A code editor of your choice. I recommend either PyCharm or the free VS Code with the official Python extension.

Connect to Python Driver

Setting up your environment

You should set up a Python virtualenv which will contain the libraries you install during this quick start. There are several different ways to set up virtualenvs, but to simplify things we'll use the one included with Python. First, create a directory to hold your code and your virtualenv. Open your terminal, cd to that directory and then run the following command:

# Note:
# On Debian & Ubuntu systems you'll first need to install virtualenv with:
# sudo apt install python3-venv
python3 -m venv venv

The command above will create a virtualenv in a directory called venv. To activate the new virtualenv, run one of the following commands, according to your system:

# Run the following on OSX & Linux:
source venv/bin/activate

# Run the following on Windows:
.\\venv\\Scripts\\activate

To write Python programs that connect to your MongoDB database (don't worry - you'll set that up in a moment!) you'll need to install a Python driver - a library which knows how to talk to MongoDB. In Python, you have two choices!
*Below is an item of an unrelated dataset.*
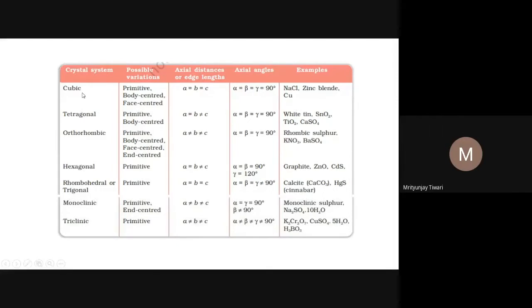The seven crystal systems are: cubic, tetragonal, orthorhombic, hexagonal, rhombohedral or trigonal, monoclinic, and triclinic. Within each crystal system, there can be different types of atomic arrangements. Cubic has three (primitive, body-centered, face-centered), tetragonal has two, orthorhombic has four, and hexagonal, rhombohedral, and triclinic each have one — giving 14 total Bravais lattices.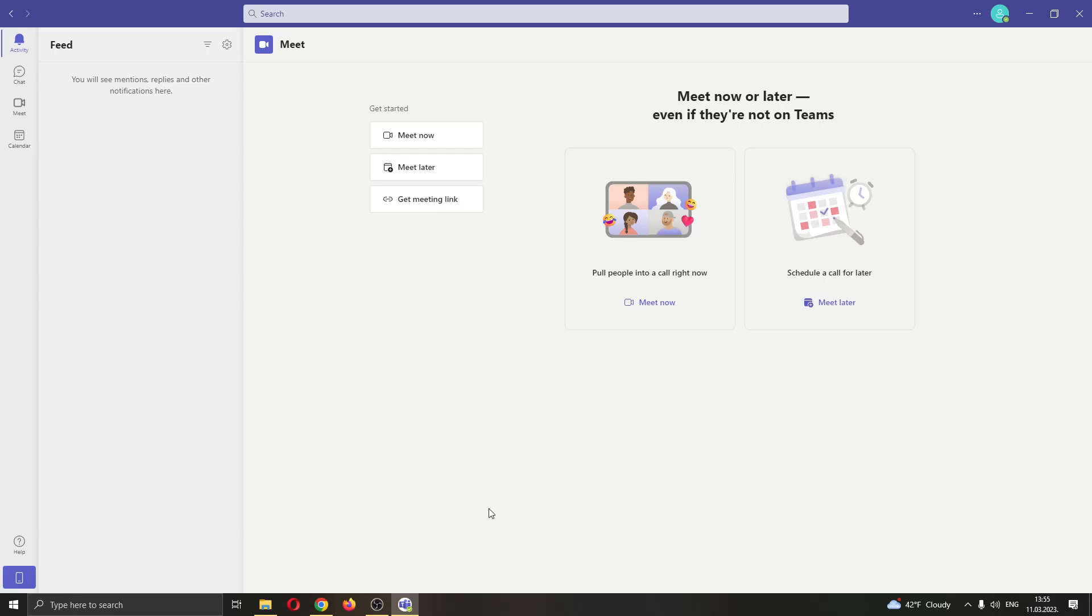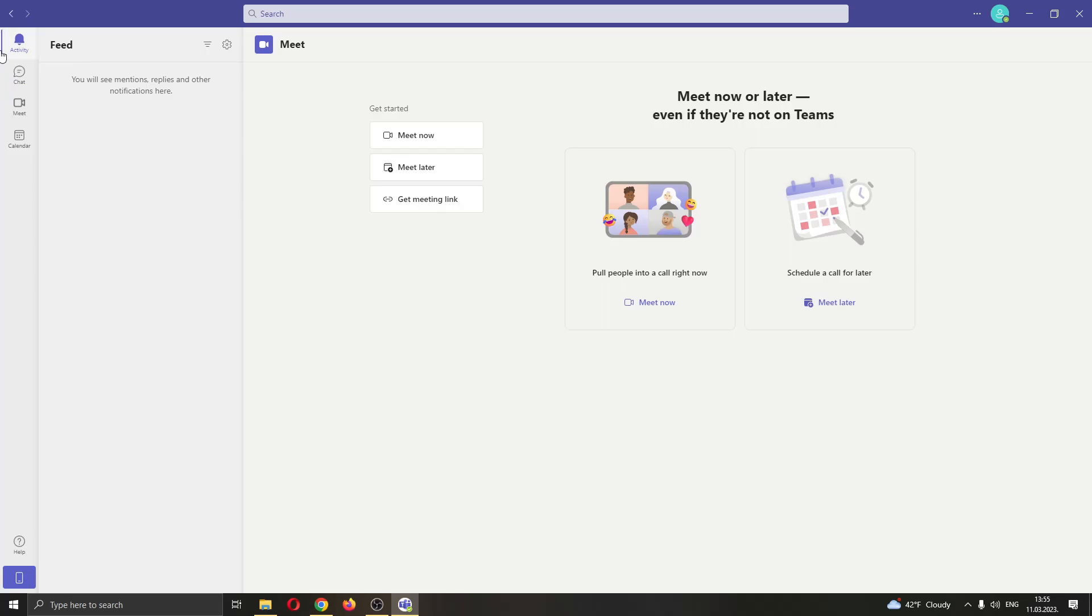The first thing you want to do is go ahead and open up the Microsoft Teams application if you haven't already. After opening up Microsoft Teams and logging into your account, you will be greeted by this main page right here where you can see at the left side of the screen all the options that you have for using Microsoft Teams, such as activity, your chats, seeing your meetings, calendar and so on.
The recommended driver is PyMongo - that's what I'll cover in this quick start. If you want to write asyncio programs with MongoDB, however, you'll need to use a library called Motor, which is also fully supported by MongoDB.

To install PyMongo, run the following command:

python -m pip install pymongo[srv]==3.10.1

For this tutorial we'll also make use of a library called python-dotenv to load configuration, so run the command below as well to install that:

python -m pip install python-dotenv==0.13.0

Code to get started

Now it's time to actually write some Python code to connect to your MongoDB database!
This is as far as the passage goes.